Takota is an Orange County, California band formed in 2005.

The band consists of vocalist Grant Arnow, who is a classically trained singer, drummer Drew Langan, guitarists Brett Anderson and Sergio Ruelas and bassist Danny Roddy. In 2006, the band recorded their debut album The Ivory Tower with Atreyu drummer/singer Brandon Saller producing.

In 2006 they joined Atreyu's World Championship Tour replacing From First to Last who left under controversial circumstances. They opened for Every Time I Die and Chiodos who were already on the tour.

The band was direct support for Bullets And Octane on their tour of the United Kingdom in early 2007.
The band signed with Island Records upon returning from that tour.

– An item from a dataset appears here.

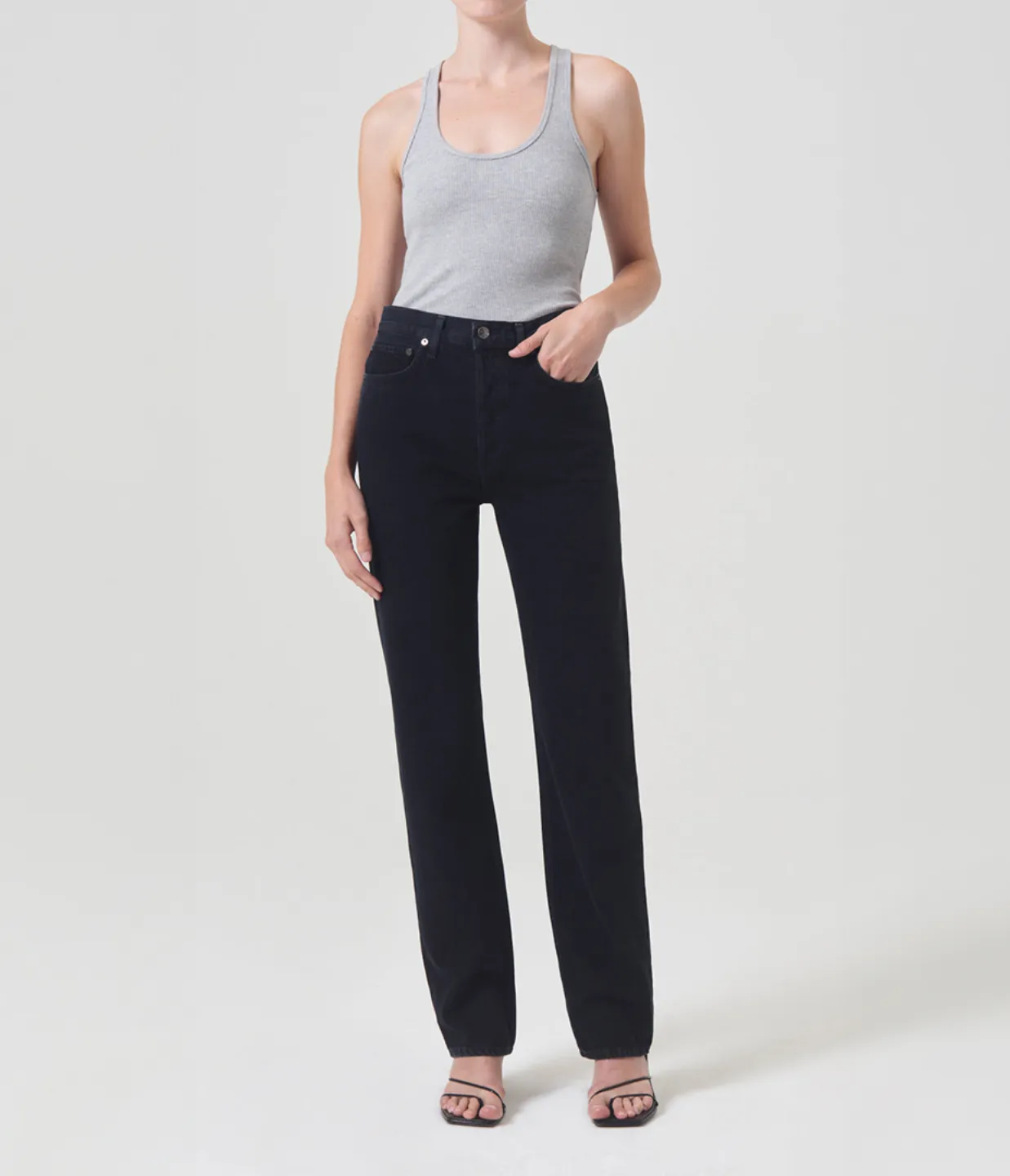 90's Pinch Waist Hight Rise Straight in Crushed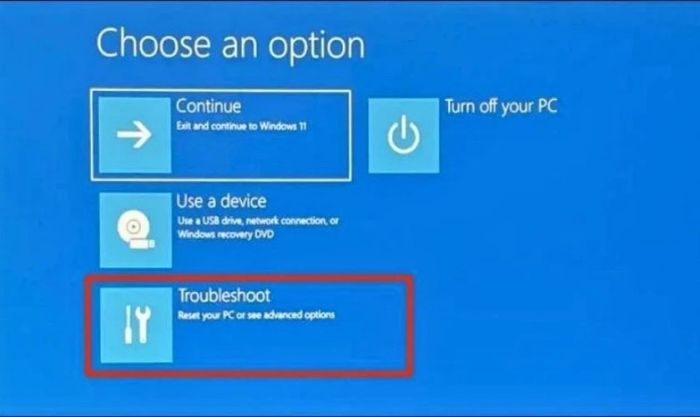 Nhấn F2 để vào Secure Boot State, rồi chọn Troubleshoot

Guitarist Andy Lara left the band in spring 2007. Drummer Justin Ferreira left the band in March 2009. In March 2008 Sergio Ruelas joined the band lead guitarist. In April 2009 Takota added Drew Langan as their new drummer. Jason Suwito from Irvine, California in the band, Polaris at Noon, was used as backup vocals and played the keyboard for Takota's Bamboozle Left performance in Los Angeles.

The band started recording the follow-up to The Ivory Tower with producer Bob Marlette. The album, titled Just Before Morning.

PopMatters noted in its review of The Ivory Tower, "It’s all in the delivery of vocalist Grant Arnow, who sounds more Steve Perry than Geoff Rickly, displaying a tenor voice made for arenas, making you wonder if this band is going to break into a rendition of 'Open Arms' before the album is over."